30 Eylül 2010 Perşembe

Saat sabahın 3 ü ve ben göz kapaklarımdan bedenime doğru süzülen onca yorgunluğa rağmen bitmek tükenmek bilmeyen bir yazma aşkı ile durduramadığım parmaklarımın anlamını yitirmiş anlamsız cümlelerinde kaybolan anlamını arıyor yeniden ve ne zaman yazsam ,ne zaman yazmaya karar versem ,bir bunalımın az sonraki patlamasından hemen önceki şimdim gelir psikolojimin kronikleşmiş takvimine. Biraz karıışık herşey.. Geçmiş , şimdi ve gelecek ve ben sadece yazmaya devam ediyorum!. Yazmak beni,düşen bir güz yaprağının çıkardığı sese,yazmak beni insanların yarıda kalmış hayallerinin daha az nefret edilen diğer yarısına ,yazmak beni sana alır götürür işte..Saat 3 suları ve ben ,ne niyet ne kısmetle geldiğim bu şehirde ,bir apartman dairesinin küçük kapılı büyük bir odasına sıkışmış ve sıradan bir sabahın asla anlayamayacağı gecenin ilerleyen saatlerinde yüreğimden parmak uçlarıma doğru taşan bir sevginin çaresizliği ile tatlı kesimlerini yaşamaktayım usulca sessizliğin ve sensizliğin..İnsanın kendi kendine sorduğu ve bir yansımanın ötesine geçmeyen soruların cevapları için yaşadığımız hayatın rutin gerçeklerinin yenik tasavvurunun falımsı yalanlarında belki yorgun bir düşün dinlenmiş gerçeklerinden fazla karışık bir cümleye inat olumşumda bulamadığım cevabım..Belki gerçekten hep benimsin de ,ben inanmıyorum? Gülüşlerin sığlaşmış kahkalarımda ,bir tebessümden öteye geçmez artık sevinçlerim sensiz ,ben sensiz ,yüreğim sensiz.. Kalemi olmayan mürekkebin tesadüfsü dağılması oluruz ancak! Anlamsız gibi görünen ve tesadüflerden uzak ,muğlak düşüncelerin kelimeleri anlamayan hüzünleri oluruz ancak.. Yüreğim ve ben sanal kurallarında hayatın , hep hürriyetini aradı ,incelikle ve iyi niyetle..Bir karıncayı bile incitmemeyi tasvip gören arabesk şarkıların vurgularından ziyade, yedi veren güllerin çilesini unutturan bir anlayışın,yankılaşmış bir uzaklığa esir edişi olmayışıydı istediğim 7 günden oluşan haftalardan. Kısaca benim hürriytimin tanımıydı yukarıda saydıklarım.. 
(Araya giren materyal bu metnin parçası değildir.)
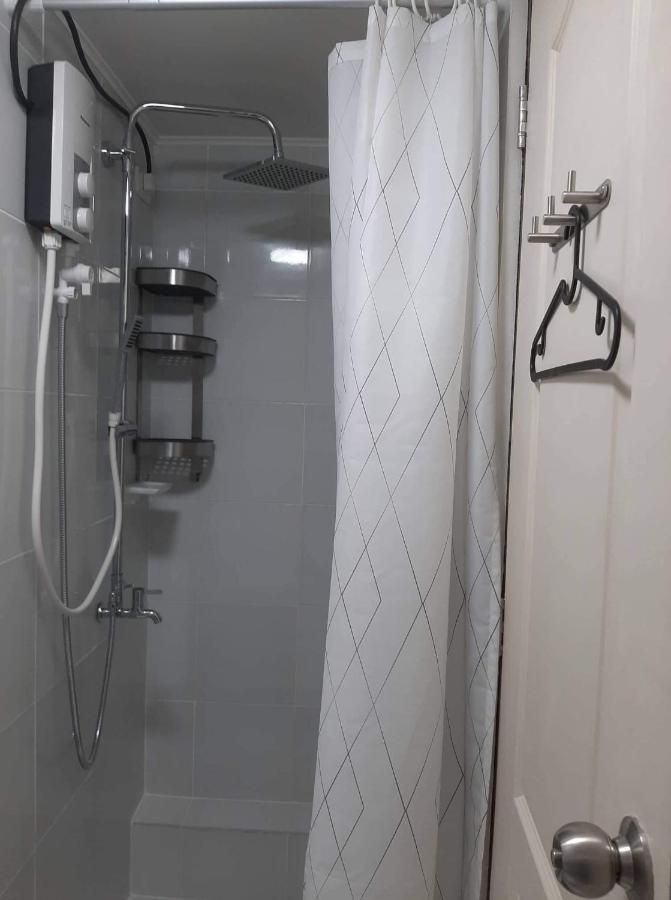 Lovely 2 Bedroom Condo With Free Secured Parking 마닐라 외부 사진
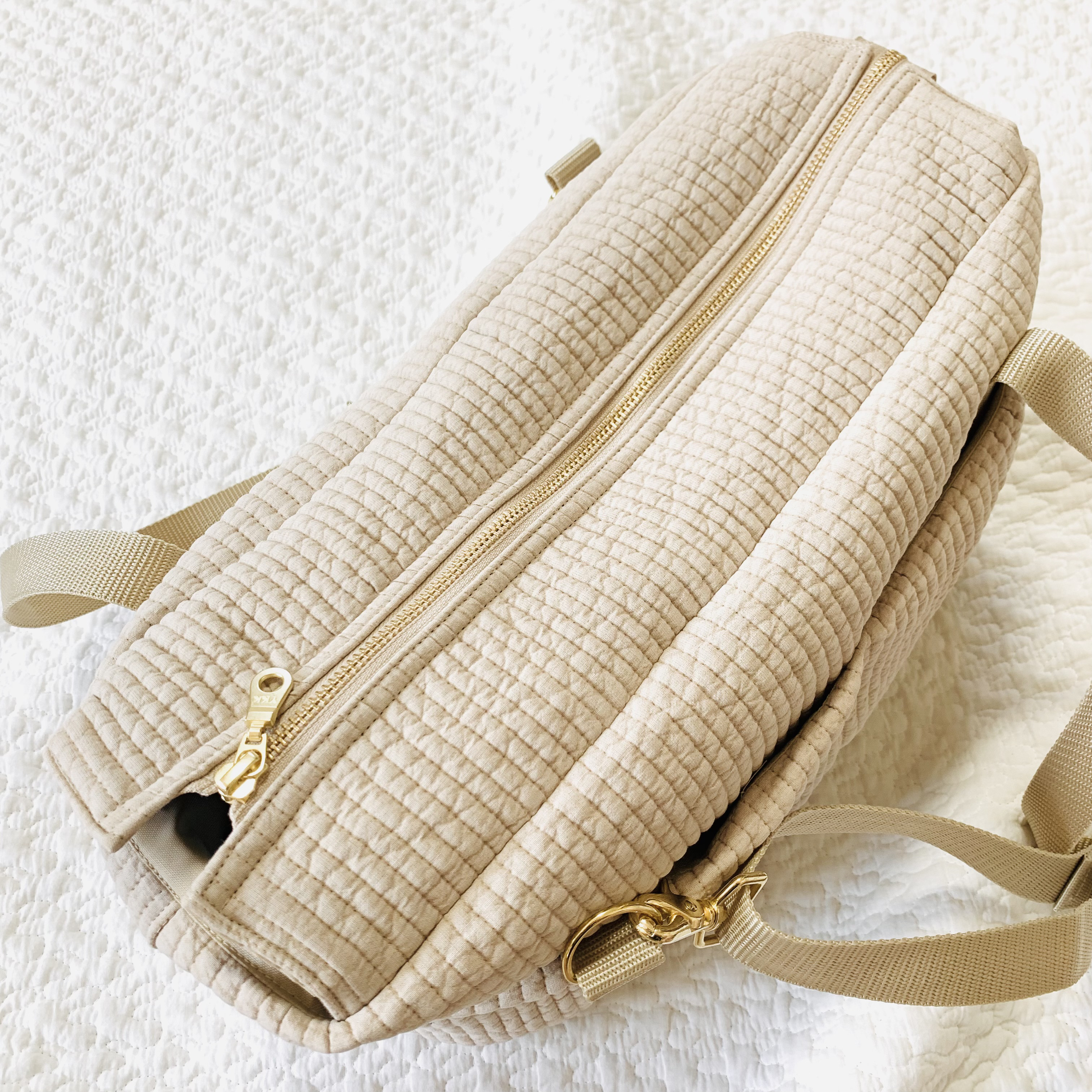 Mサイズ　nubi ベージュ3way ベビーカーバッグ マザーズバッグ　ショルダーバッグ　ヌビバッグ　トートバッグ　ヌビ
Ne yazacağımı bile bilmediğim ve anlatmaya emek sarfetmekten çekinmediğim bu istekli dakikalarımda , bir bilsem içimdeki sarsıntıların bana hiç aslında yaşamadığımı ve senden öncesinin ve sonrasının olmıycağını anlattığını..Bir bilsem ,bir bilebilsem keşke.. Aslında ben derin ve dipsiz cümlelerde yüzme bilmeyen ve kesin normlara yenik düşecek birisi olmamama rağmen şimdi bilmem neden hayatımın en güzel kompozisyonunda sana açılmak istediğimi..Günler geçti , haftalar aylar , hatta 14 asır geçti , bir içimdeki sen geçmedin..
Rüyalarımda düşlerimdeki düş yüzünle hayal kurarken ki seninle konuştuğumuz akşamlardaaklımda kalan biz bize oluşumuz,bakışın ve gülüşündü. Bunun dışında hiçbirşeyin aklımda kalmayışına şaşırmadım çünkü sevgimin içinde bakan gülücüklerin vardı..
 Gülüşüne ve bakışının açılarına başka hiç bir ruhta rastlamadım ben..
Hayırlı olsun diyen bir akordiyoncunun tahmilinden ötelere bayağılaşmamış bir sonranın temellerini hayal eden iki aşığın gözlerine iten sorulara cevap bulamadığımı sandığım saniyelerde sakladım bakışlarımı; 'utandım'diyerek..Derinden etkilemişti oysa ki notaların..
 Saat 3.51 olmuş ve ben hala göz kapaklarımdan bedenime düşen bir uykunun cenderesine asılı kalmış yalnız ve çaresiz yüreğimin ilgili isteklerine cevaben yazma müşkülatı içinde sabaha karşı öten horozların sesiyle,seninle olmanın yanı sıra en azından kaybedilemeyecek bir yarına dimdik hazırlanarak geleceğim gözlerinin içine.. Herşeyin yarım kalanı diğer yarısını beklermiş..Ben senden sonra yarım kaldım..
Bir gün ölsen bile dolmayacak boşluğun,sana doymayacak bu yürek.. Keza bir günün yarınında ölmesem bile eyvallah derki yüreğim;üzülmeni istemez hiç birşeye.
Yazmanın sonu yok,senle olmanında.Sen sonsuzlukta bitmeyen bir başlangıçsın.Yüreğim ve ben senden hiç bıkmayacağız.Ben bir dilek tuttum hepsi bu;ya olur ya olmaz..Allah büyük.Kendine iyi bak..Tek dileğim.